**ACTIVITY**
From the first line to the last, reproduce the records below exactly, omitting any picture.

**SOURCE RECORDS**

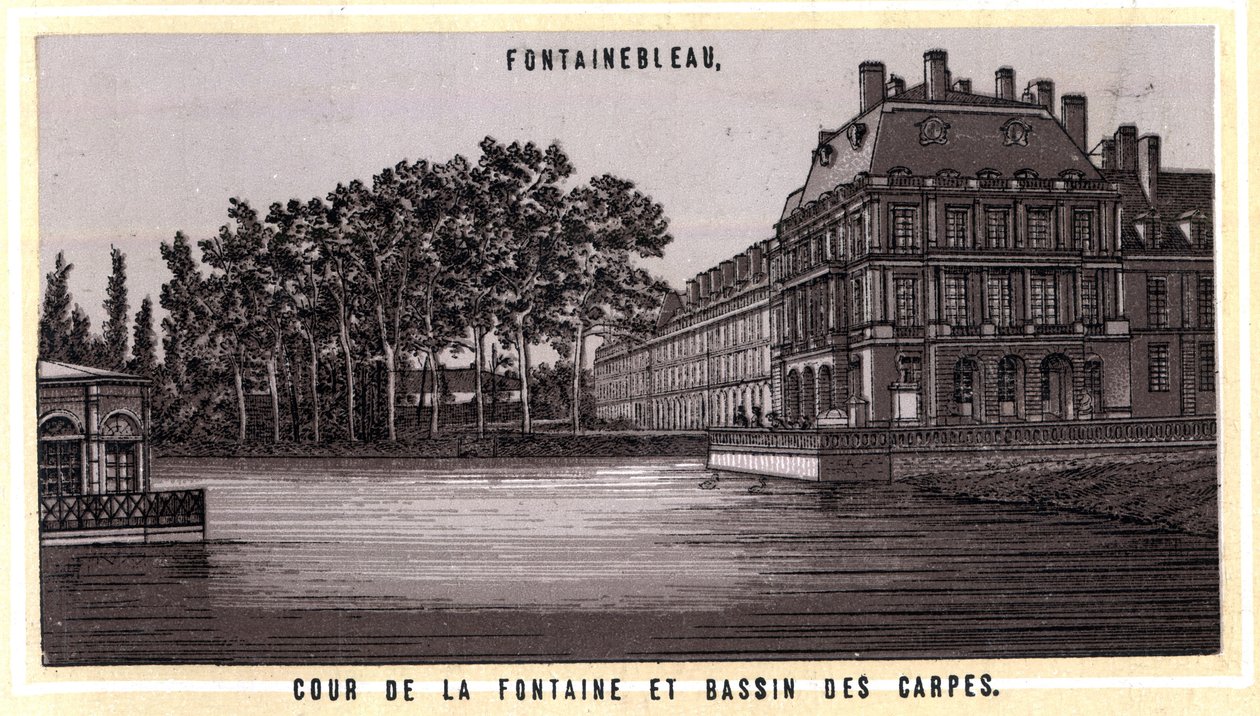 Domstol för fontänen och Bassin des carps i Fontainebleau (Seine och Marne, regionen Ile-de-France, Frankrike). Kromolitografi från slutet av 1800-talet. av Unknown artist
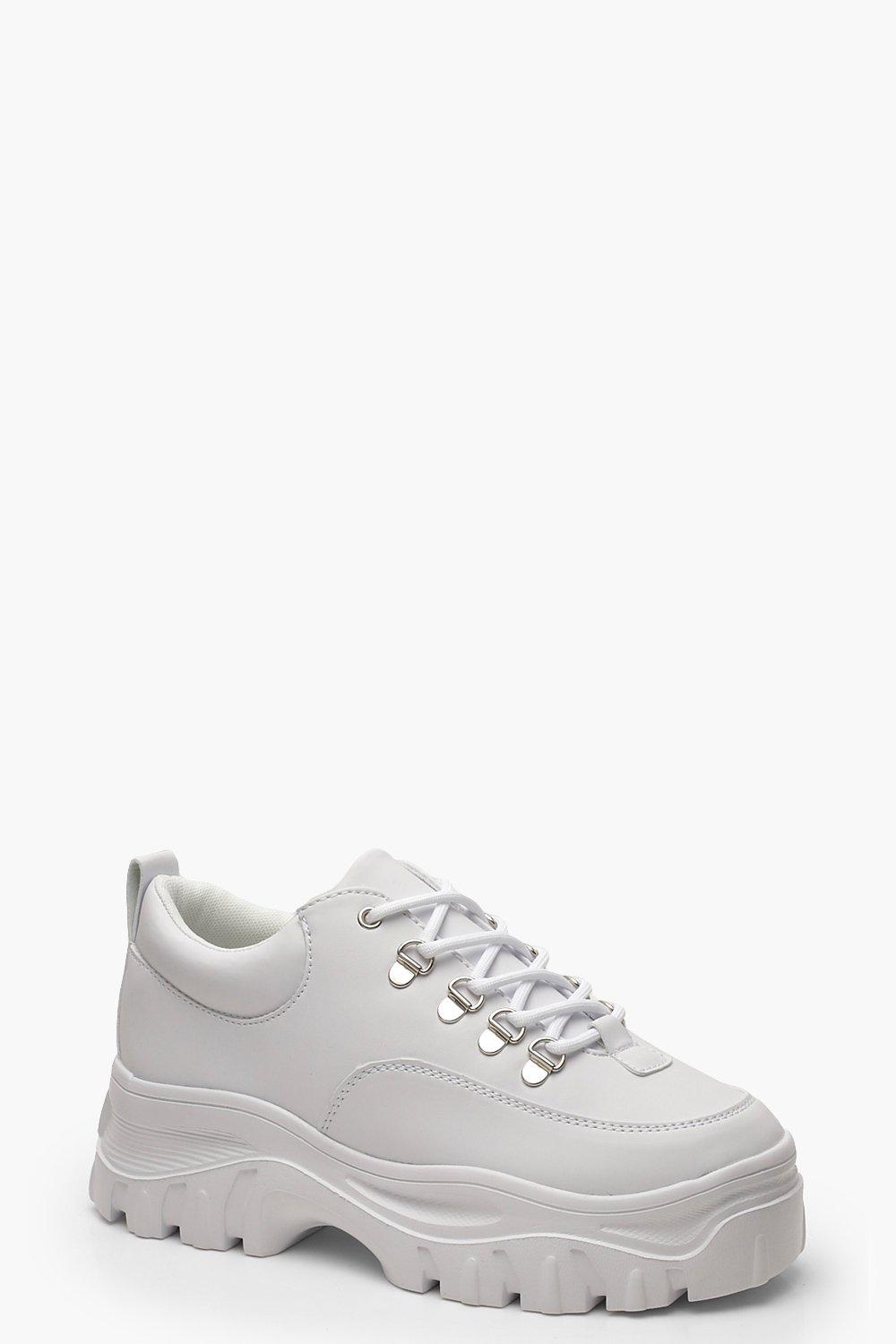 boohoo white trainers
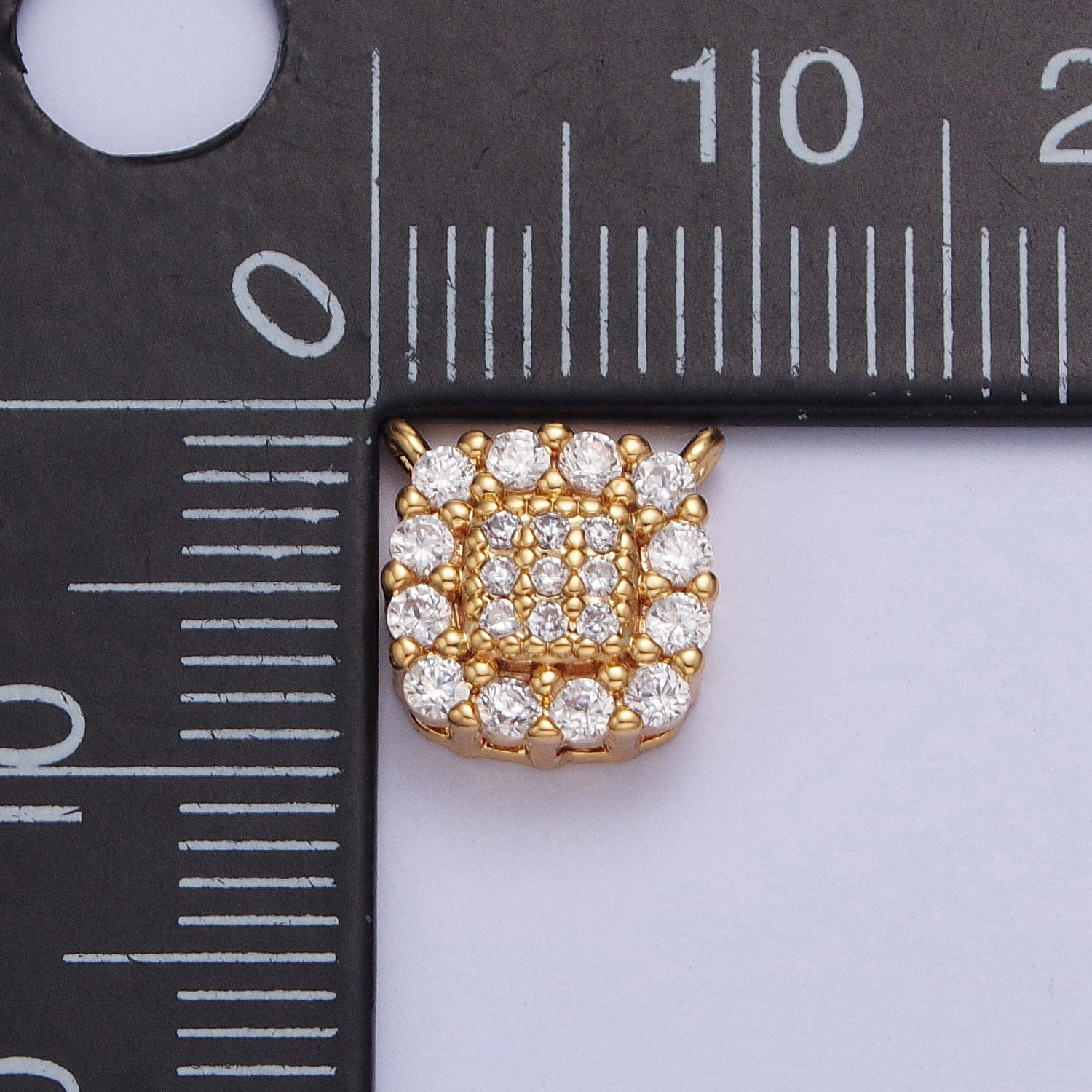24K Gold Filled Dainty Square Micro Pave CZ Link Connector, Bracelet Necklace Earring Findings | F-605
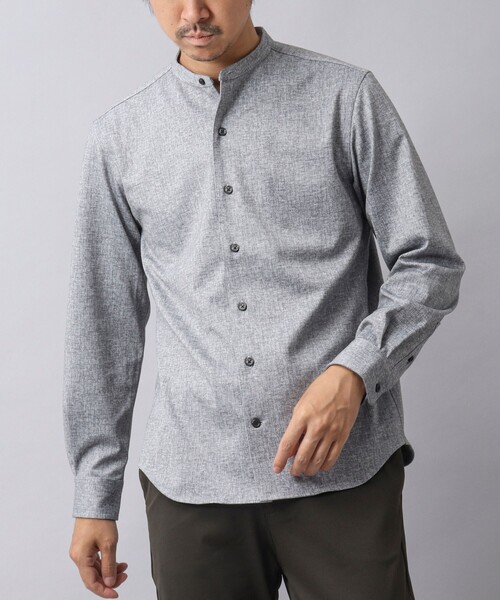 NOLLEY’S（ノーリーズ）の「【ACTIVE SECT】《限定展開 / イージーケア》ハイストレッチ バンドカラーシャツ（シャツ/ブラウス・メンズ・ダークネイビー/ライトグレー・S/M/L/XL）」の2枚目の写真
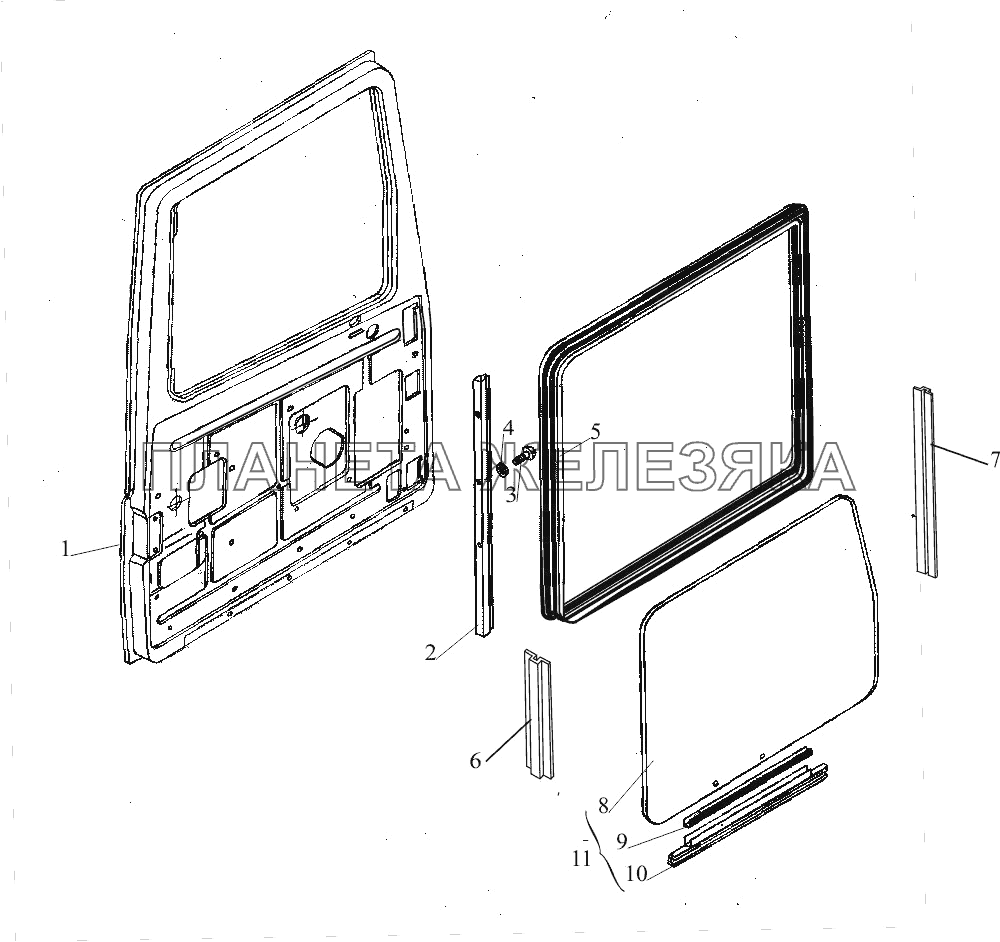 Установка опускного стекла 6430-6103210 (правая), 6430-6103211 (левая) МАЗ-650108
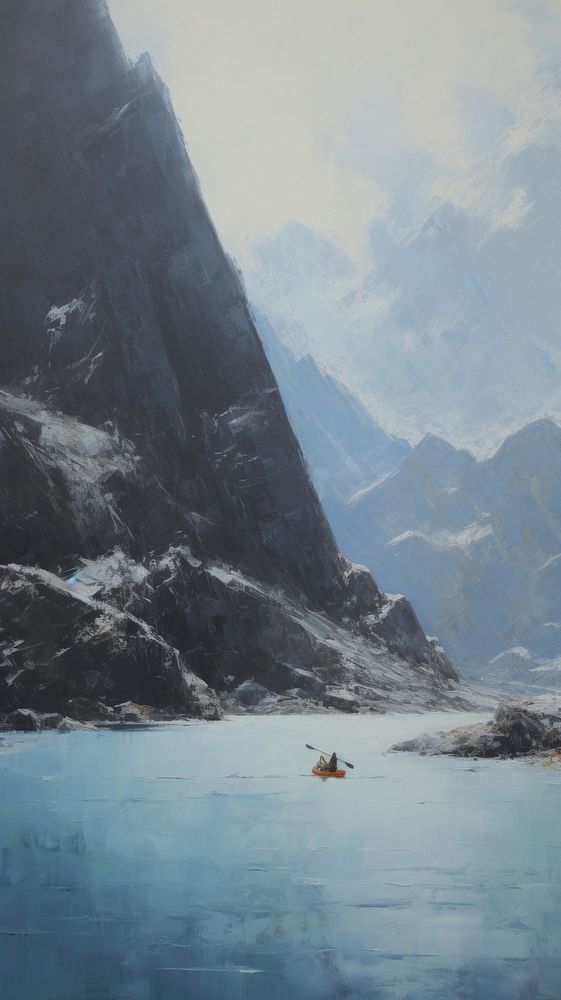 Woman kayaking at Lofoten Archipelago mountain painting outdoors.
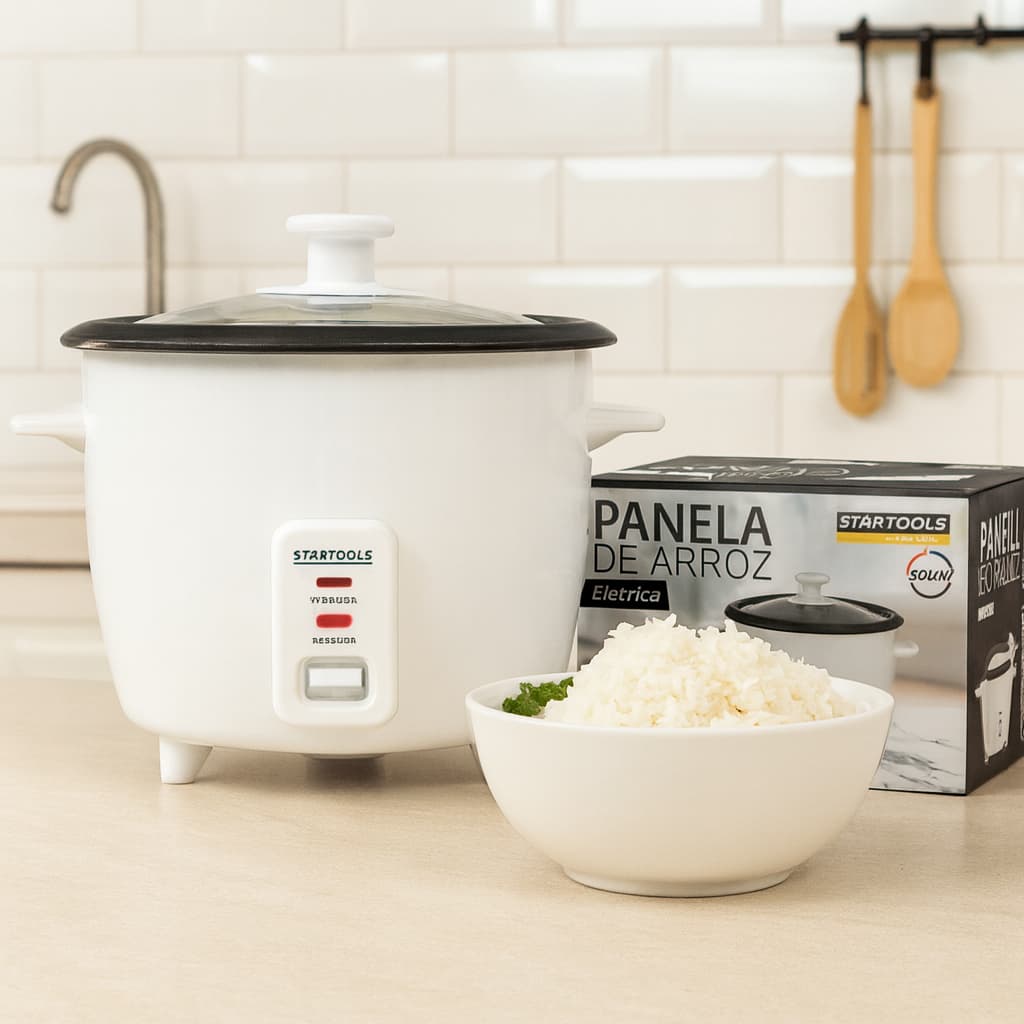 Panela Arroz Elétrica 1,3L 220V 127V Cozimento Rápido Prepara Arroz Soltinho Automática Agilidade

**REPLY**
 Domstol för fontänen och Bassin des carps i Fontainebleau (Seine och Marne, regionen Ile-de-France, Frankrike). Kromolitografi från slutet av 1800-talet. av Unknown artist
 boohoo white trainers
24K Gold Filled Dainty Square Micro Pave CZ Link Connector, Bracelet Necklace Earring Findings | F-605
 NOLLEY’S（ノーリーズ）の「【ACTIVE SECT】《限定展開 / イージーケア》ハイストレッチ バンドカラーシャツ（シャツ/ブラウス・メンズ・ダークネイビー/ライトグレー・S/M/L/XL）」の2枚目の写真
 Установка опускного стекла 6430-6103210 (правая), 6430-6103211 (левая) МАЗ-650108
 Woman kayaking at Lofoten Archipelago mountain painting outdoors.
 Panela Arroz Elétrica 1,3L 220V 127V Cozimento Rápido Prepara Arroz Soltinho Automática Agilidade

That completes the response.